On peut déjà voir la vidéo de “Devil Is Fine”. Comment a-t-elle été créée ? Etais-tu impliqué ?

Manuel : C’est arrivé un peu par hasard en fait. Mon manager habite avec le réalisateur de la vidéo. Et il ne savait pas que c’était un réalisateur, et un jour en faisant la lessive, je crois qu’ils étaient un peu bourrés, il y en a un des deux qui a demandé “eh tu fais quoi dans la vie ?”, et c’est comme ça qu’il l’a découvert. Donc je l’ai rencontré, il s’appelle Samuel Morris, et j’ai aussi rencontré son ami Fabio Tozzo qui a été directeur de la photographie. On a fait une réunion pour parler du concept de la vidéo, et puis on a tourné. Je suis vraiment impressionné par les vidéastes, c’est tellement de travail. Tout ce que j’ai fait moi, c’était des sandwichs pour l’équipe. (rires) C’était même pas de très bons sandwiches. C’est un peu triste (rires).

Avais-tu une idée de ce que tu voulais, ou leur as-tu laissé carte blanche ?

Manuel : C’était un genre de collaboration. Je ne peux pas dire que j’ai co-réalisé, parce que je n’y connais rien dans ce domaine, mais j’ai donné quelques directions.

 

 

Quel est ton processus de création ?

Manuel : Je commence toujours par boire beaucoup de café. Et je vois où je vais à partir de là. En général je commence avec les chants, du coup je commence à screamer au hasard des trucs satanistes. Mes voisins ne sont pas fans. (rires) Et puis ça se construit là dessus. Mais je n’ai jamais de but en particulier, parce que, d’expérience, quand j’en ai un je ne m’y tiens pas, et ça sonne toujours différemment au final, de toute façon.

Tu écris, joues et fais tout toi-même, en fait. N’est-ce pas trop de boulot ?

Manuel : Pas tellement, en fait. Je peux tout faire en sous-vêtements si j’en ai envie. C’est plutôt une bonne situation.

C’est quoi le plus difficile ?

Manuel : Le mixage je suppose, et tout ce qui concerne la production des morceaux. Je veux dire, les gens étudient ces trucs là. Moi j’essaye, c’est tout. (rires)

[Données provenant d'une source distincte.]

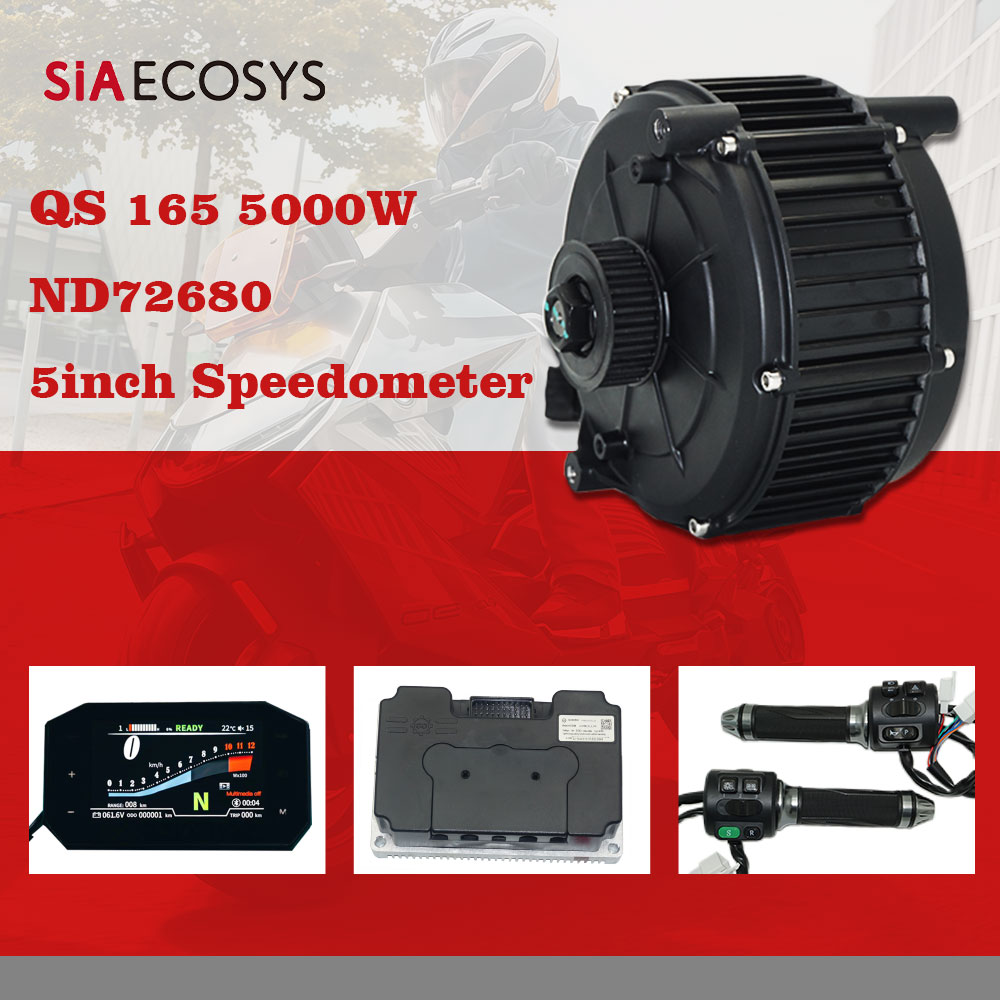 SiAECOSYS QS165 5000W 72V 35H  – Mid Drive Motor Kit 72V 5000W Bewertung und Preis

Une idée de ce à quoi ton futur va ressembler, comment il va sonner ?

Manuel : Pas vraiment. Je sais que je vais enregistrer cet automne, mais j’ai aucune idée de ce à quoi ça va ressembler. (rires) Je veux dire, j’écris des morceaux, mais je ne sais pas si je vais les garder au final.

As-tu prévu de jouer des nouveaux titres sur scène ?

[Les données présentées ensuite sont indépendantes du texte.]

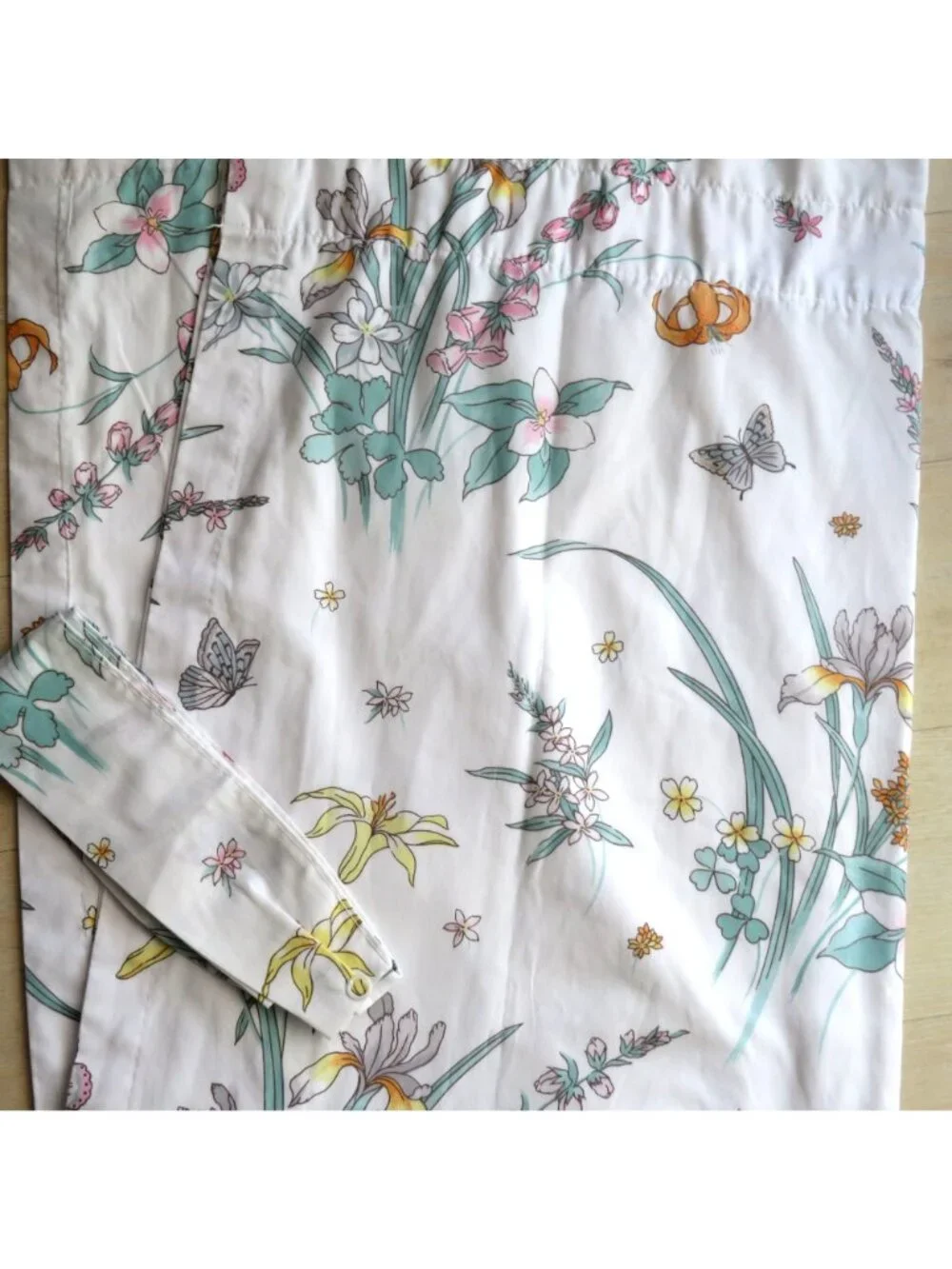 Vintage JCPenney Floral Rod Pocket Draperies 80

Manuel : Absolument. L’album ne dure que vingt minutes, et si on veut faire des concerts, on ne peut pas faire un set de vingt minutes ! Les gens nous tueraient.

 

 

Hormis le concept que tu as développé, qu’est ce qui t’inspire dans ta composition ?

Manuel : Surtout les livres et les comics. C’est difficile de dire ce qui t’inspire, en fait. Je pourrais citer un ou deux groupes cools, mais au final ça peut très bien être une pub ou un truc qui te reste en tête, et que je vais reproduire inconsciemment. Donc c’est difficile à dire. Mais oui, les livres sont une énorme inspiration, ça c’est sûr.

Quel genre de livres ?

Manuel : Des trucs de James Joyce. Tom Robbins aussi. Et puis après, des comics, plein. “Transmetropolitan”, “Saga”, “Fables”.

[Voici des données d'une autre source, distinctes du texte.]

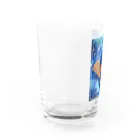 青猫の森の星の魔法使いグラス Water Glass :left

Tu as l’air de t’intéresser à plein de formes d’art, est-ce que tu aimerais les explorer personnellement ? Ecris-tu et/ou dessines-tu, toi-même ?

Manuel : J’écris et je dessine beaucoup, mais je ne pense pas que les gens en aient quelque chose à foutre (rires). Pour moi c’est surtout un moyen d’extérioriser mes pensées, mais c’est pas pour être montré aux gens. Et c’est tout à fait satisfaisant comme ça. Faire de la musique me rend si heureux. Après une journée de composition et d’enregistrement, je souris.

Dernière question : notre webzine s’appelle “RockUrLife”, alors simplement : qu’est ce qui rock ta life ?

Manuel : Je crois que c’est la vie en elle-même. Parce que tu peux jamais vraiment choisir ce qui va t’influencer ou te faire avancer. Donc tous les trucs bizarres qui peuvent arriver, que ce soit un super morceau de brocoli, de la musique, n’importe quoi. Tout rock ma life.